Earlier this summer Jeff Sagansky, veteran media executive and investor, delivered a veritable call to arms to producers and other creatives.
“The producer-studio bond … has been irrevocably broken,” he said at a TV producers convention in Miami, Deadline reported. “We are in a golden age of content production and the dark age of creative profit sharing.”
The June speech hit home for a lot of producers, including the incoming presidents of the Producers Guild of America.
“We feel the wellspring of the moment of producers feeling that we’ve lost this opportunity, and so I think we want to galvanize that feeling and see if we can make some changes,” Stephanie Allain, a former executive at 20th Century Fox and Columbia Pictures, told me in a recent interview.
Last month, Allain became the first Black woman to be president of the PGA, elected along with former Paramount Pictures President Donald De Line at the trade group’s annual mem
bership meeting.
The world of streaming is having what you would call in finance a correction, as my colleague Ryan Faughnder has reported in this newsletter recently.
Some background: As far back as 2019, my other Company Town colleagues Stephen Battaglio and Wendy Lee wrote about the disappearing profit-sharing model as traditional studios like Walt Disney adopted the streamer “cost plus” model.
And for a time, this model, which paid out the cost of the budget plus a fixed premium, has been lucrative for creators, including some producers.
Think of the Ryan Murphy and Shonda Rhimes mega Netflix deals, each reported to be worth hundreds of millions of dollars.

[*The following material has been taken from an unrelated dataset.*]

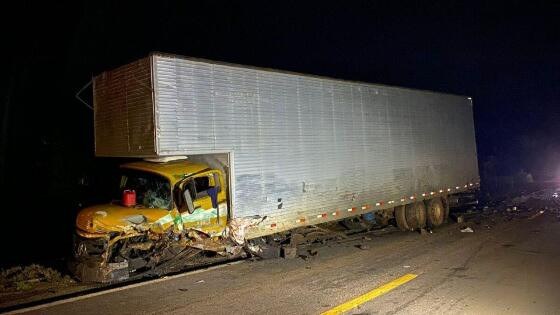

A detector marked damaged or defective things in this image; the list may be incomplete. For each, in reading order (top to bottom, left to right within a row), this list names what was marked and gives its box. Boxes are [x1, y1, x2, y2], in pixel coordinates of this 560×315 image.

crushed truck cab [72, 160, 230, 284]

Or Netflix spending a staggering $400 million for two sequels to Rian Johnson’s popular whodunit movie “Knives Out.”
But now streaming companies are in belt-tightening mode. Netflix laid off hundreds of workers after the industry leader experienced a slowdown in subscriber growth. Warner Bros. Discovery, and its HBO business, have shelved numerous film and TV shows and also slashed staff at its streaming platform HBO Max to cut costs.
“They have stopped buying our back-ends, particularly for producers,” said Travis Knox, an independent movie producer and associate professor at Chapman University.
In recent years, as streamers like Netflix pared back how much they will spend to buy out the back-end of films or TV shows, another reliable source of income — the box office bonus — has eroded along with theatrical attendance.
“Being the shepherd on projects and then losing out on what used to be the possibility of compensation by not having a back end ... it’s just kind of antithetical to what we do,” Allain said.
Streaming platforms typically don’t share viewing data with producers, making it hard for them to determine how well their movies or TV shows performed.
Unlike their director, writer or actor colleagues, producers don’t have a union that can negotiate how they are compensated or secure healthcare and pension benefits on their behalf.
That could change. A group of producers has taken steps to form a union, which so far has had its constitution ratified by about 100 producers. They are working to establish their Producers Union ultimately as a bargaining group.
“We’re not trying to buy multiple houses,” Effie T. Brown, a supporter of the union effort, told me last year. “I just don’t want to be poor. I want to be able to put gas in my car.”
More than 50% of producers don’t see any back-end compensation, and over twothirds have been asked to defer fees on more than two projects, according to a study by the nascent union conducted last year of 550 U.S.based feature film and documentary producers.
Over half of those who answered the survey earned $25,000 or less from producing in 2020, compared with 41% in 2019, and most said producing was not a sustainable career.
“There’s two versions of people who are a little frustrated right now with the situation: One is making a whole lot less than what they used to make, but they’re still making money, and then there are people who continue to be asked to make and produce movies for not even minimum wage,” said Chris Moore, treasurer of the Producers Union and a producer of the hit movies “Good Will Hunting” and “American Pie.” “And so both of those things are bad for producers at the moment.”
Moore is not as optimistic as some that powerful streamers like Apple and
Netflix are going to give third parties the necessary internal data to accurately measure profit-sharing deals, when payments are made after distribution and production costs are recovered.
“I think what will start happening is producers will have to start renegotiating deals from a position of leverage,” Moore said. “But unfortunately, the leverage is still really going to be your relationship to talent and your relationship to the intellectual property.”
But Knox believes studios may be more open to sharing back-end profits with producers as they move toward ad-based tiers and minimize their exposure to costly movies that may misfire.
“The problem is the producers will never have the power to demand it on their own,” Knox said. “But directors and actors and showrunners — they will. So once it becomes the norm to them, producers can jump on board as well.”